OPERA THEATER
Founded in 1946 in Boston--where it was quickly acclaimed as "the most important musical enterprise begun here since the founding of the Boston Symphony Orchestra sixty-five years ago" --Opera Theater has been writing history ever since, demonstrating with spectacular success that the lyric masterpieces of Mozart and Puccini can be convincing and absorbing drama, subtle or rollicking comedy, rather than mere boring displays of vocal pyrotechnics…that their texts, intelligently translated into English and intelligibly set forth by performers as thoroughly schooled in dramatic nuance as in the emission of pearly tone, can make sense to the 20th Century American public...that their leading roles can be assumed with irreproachable vocalism and musicianship by good-looking young people who comport overstuffed sofas or clumsy windmills gyrating in space.
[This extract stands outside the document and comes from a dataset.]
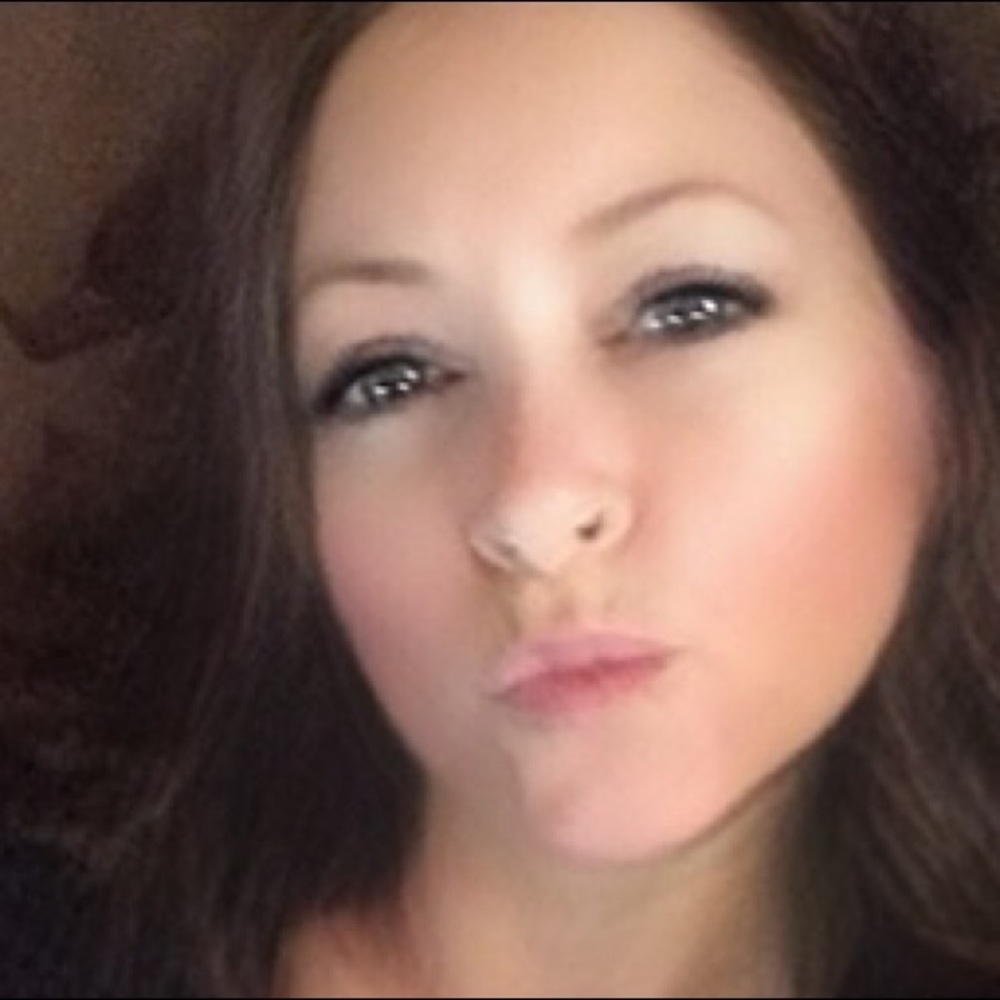 Meet your Posher, Raquel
Opera Theater, in fact, brings to reality for the first time the ideal which its name implies and which its founder, Boris Goldovsky has so long and notably championed-the perfect integration of musical and dramatic elements whereby great opera becomes, for the least opera-minded member of a vast new public, great theater as well.
While eschewing the star system as a matter of artistic policy, Opera Theater is justly proud of its record of star-making and has brought to the fore many of the most important young American singing-actors now on the rosters of the Metropolitan Opera Association and of the other great lyric theaters of the world. The opera workshops of a number of leading conservatories and universities across the United States are likewise headed by young men and women trained by Opera Theater. The Company’s consistently sold-out seasons have also varies such basic repertoires as Carmen, The Marriage of Figaro, La Boheme and Rigoletto with works by acknowledged master like Mozart's Idomeneo, Berlioz' The Trojans and Britten's Albert Herring, which it revived after 120 years. The intensive Goldovsky musicological researches moreover, have led to the restoration in Opera Theater performances of original scenes, passages and stage effects lost through generations of indifferent productions.